This is an implementation of the basic Paxos algoritm originally described by Leslie Lamport in The Part-Time Parliament. See also Wikipedia, for a more accessible explanation.
It is implemented using the following messages and roles directly
Client Proposer Acceptor Learner
| | | | | | |
X-------->| | | | | | Request
| X--------->|->|->| | | Prepare(1)
| |<---------X--X--X | | Promise(1,{Va,Vb,Vc})
| X--------->|->|->| | | Accept!(1,Vn)
| |<---------X--X--X------>|->| Accepted(1,Vn)
|<---------------------------------X--X Response
| | | | | | |
An operation is a named function
type Value = string option
type ValueLastTouched = Value * (Sender * Guid) list
type Operation = Operation of string * (ValueLastTouched option -> ValueLastTouched)
Paxos does not guarantee idempotency. The list attached to each value: (Sender * Guid) list
is useful for implementing it on top.
It is a list of (proposer, request-guid), and will not grow longer than the amount of proposers.
Idempotency is implemented using
let idempotent ((fname,f):string * (Value -> Value)) (sender:Sender) (g:System.Guid) : Operation =
let op vo =
match vo with
| None -> (f None,[(sender,g)])
| Some (v,xs) ->
let xo = List.tryFind (fun (_,guid) -> guid = g) xs
match xo with
| None -> let xs' = List.filter (fst >> (<>) sender) xs
in (f v, (sender,g)::xs')
| Some _ -> (v,xs)
Operation (fname, op)
If you are using the idempotency wrapper, the operation signature is
f :: string * (Value -> Value)
Even though people claim that paxos does not get stuck, I fail to see how it is possible (messages can be lost). So, it is crucial to support retries. The core algorithm defines time as
type Time = int64
And it is the user of the library that defines the timeout
hastimedout:Time -> bool
If the timeout is set too low, it might cause an infinite loop of retries!

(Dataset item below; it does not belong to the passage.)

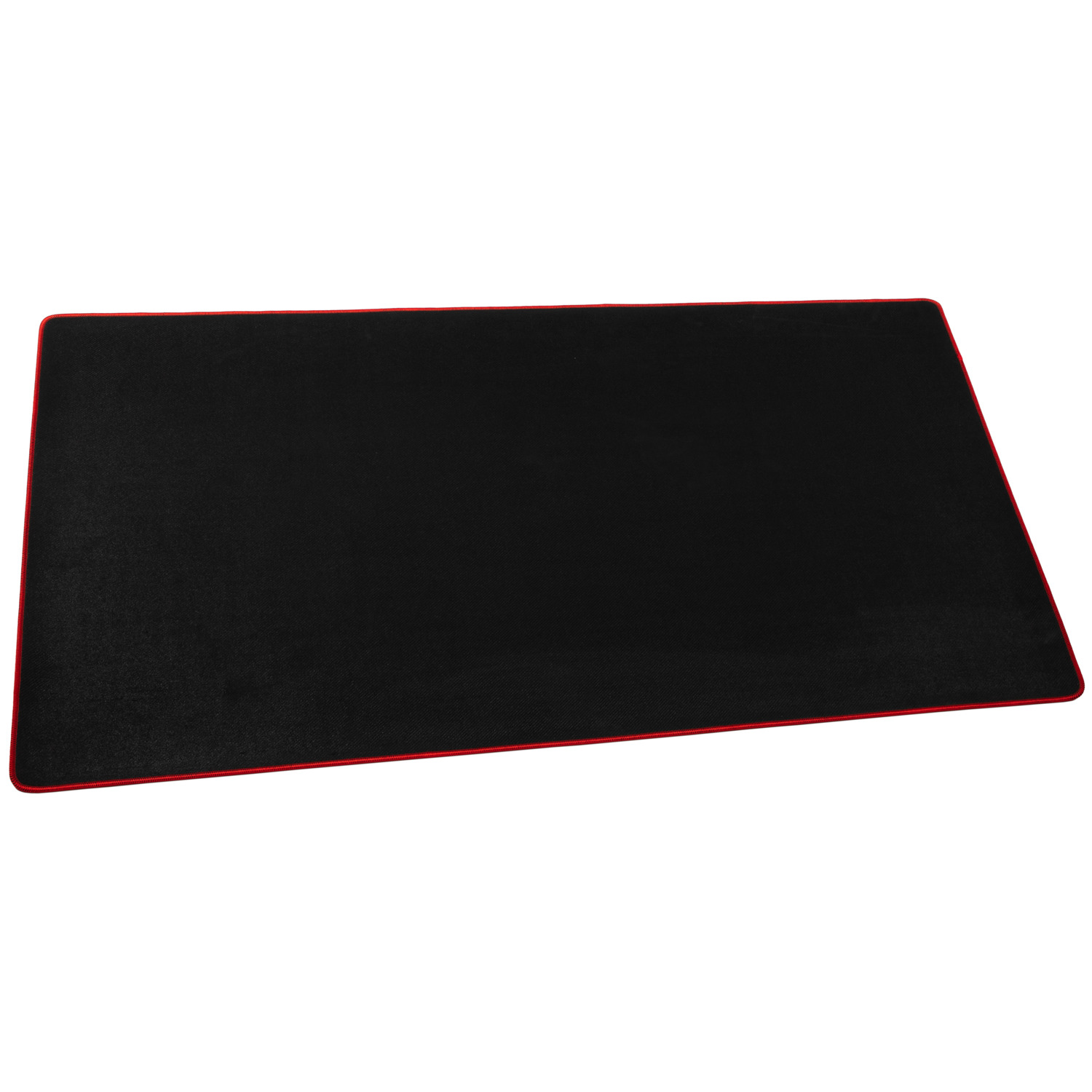 nitro-concepts - Deskmat DM12 - 1200x600mm - STEALTH BLACK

I have included an operator that can be used as leader election between servies using the library.
The idea is (courtesy of ildhesten - he very much ignited this idea)
- Represent leaderStatus as (leader,lease)
- Each participant who is not the leader, will decrement lease by 1
- The leader will renew its lease to
lease
. I.e.lease
will function as the timeout.
Example:
3 participants
leaderElection is applied every 1s by each participant
lease
is 4
Then: Initially, the value will be None, and the first come will be the leader, and set its lease to lease
All other participants will decrease his lease by 1, => lease is now 2
If the leader goes down, he will not be able to renew his lease. And so the other two participants will decrease his lease.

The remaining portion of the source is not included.